Enterprise AI is moving from answers to action

The funding also reflects a broader shift in enterprise AI.

The first wave of generative AI was mostly about answers. Employees asked a chatbot to draft an email, summarize a document, explain a topic, or organize notes. That was useful, but it still left the human responsible for doing the actual work.

The next wave is focused on action. Companies want AI that can work inside business systems, use approved data, follow processes, and complete tasks without constant supervision.

That is a harder problem than generating text. Enterprise work is messy. Company data is often spread across different systems. Processes change. Approvals matter. Security rules cannot be ignored.
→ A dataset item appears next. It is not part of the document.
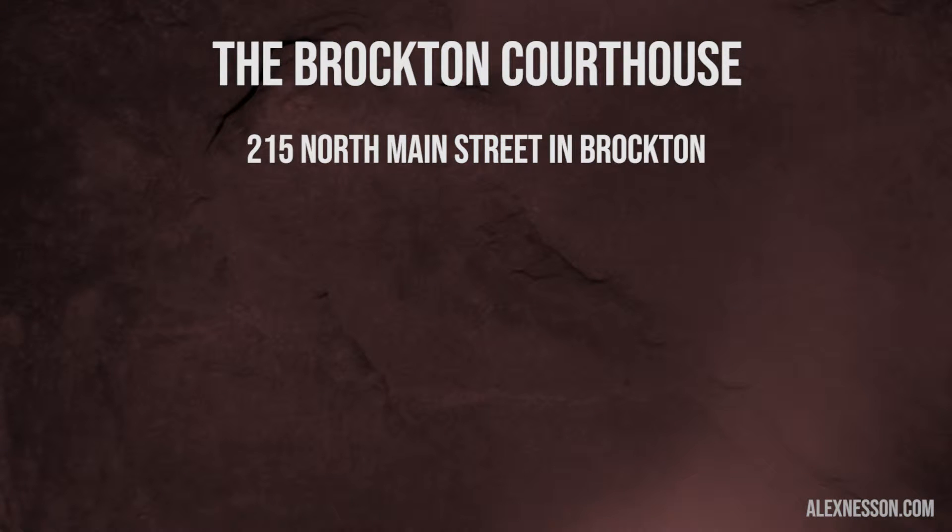A lot of times people have questions about courthouses in Massachusetts. One of the big courthouses near Taunton is the Brockton Courthouse, and that's on 215 North Main Street in Brockton. I have a blog about the Brockton Courthouse that you can go to as well.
This is where startups like Convey are trying to create value. If AI can safely handle repetitive office work, the savings become easier to measure. Businesses can track hours saved, reports completed, error rates, or workflows processed.

That makes AI coworkers more attractive than generic AI assistants for many companies. The value is tied to completed work, not just a helpful response.

What businesses should watch

For businesses, the idea is appealing because many teams are being asked to do more without adding headcount. AI coworkers can help stretch existing teams by taking on routine work that is time-consuming but not deeply strategic.

But the promise depends heavily on execution.

An AI coworker is only useful if the workflow is clear, the data is reliable, and the system can be monitored. If a company has messy records, unclear approval rules or disconnected tools, automation can create new problems instead of solving old ones.

That is especially important for finance, compliance, customer data, and reporting. A wrong invoice or inaccurate campaign report can have consequences. Companies adopting AI coworkers will need guardrails, audit trails, and human review for sensitive work.

The best early use cases are likely to be narrow and measurable. A company should start with one repetitive process, define what success looks like, and test whether AI improves the outcome. Trying to automate too much too quickly could make the technology harder to trust.

Why the market is heating up

Convey’s funding shows how quickly the AI-agent market is expanding. Large software companies are building AI agents into their existing platforms, while startups are looking for specific office workflows where AI can prove its value faster.

Investors are paying attention because enterprise operations are full of repetitive work. Every large company has teams that spend time checking records, moving files, preparing updates, and managing routine requests. If AI systems can perform even a portion of that work reliably, the market could be large.

The challenge is that companies will not adopt these tools just because they sound futuristic. They will adopt them if they save time, reduce errors, cut manual work, or help employees focus on better work.

That is the real test for Convey.

A personal take

The most interesting part of Convey’s story is not that it wants to build futuristic AI coworkers. It is that the work it targets is ordinary. Invoices. Reports. Reconciliations. Asset workflows.

That is where enterprise AI may become useful first. Not by replacing the most creative people in the company, but by giving them more time to do the work they were actually hired for.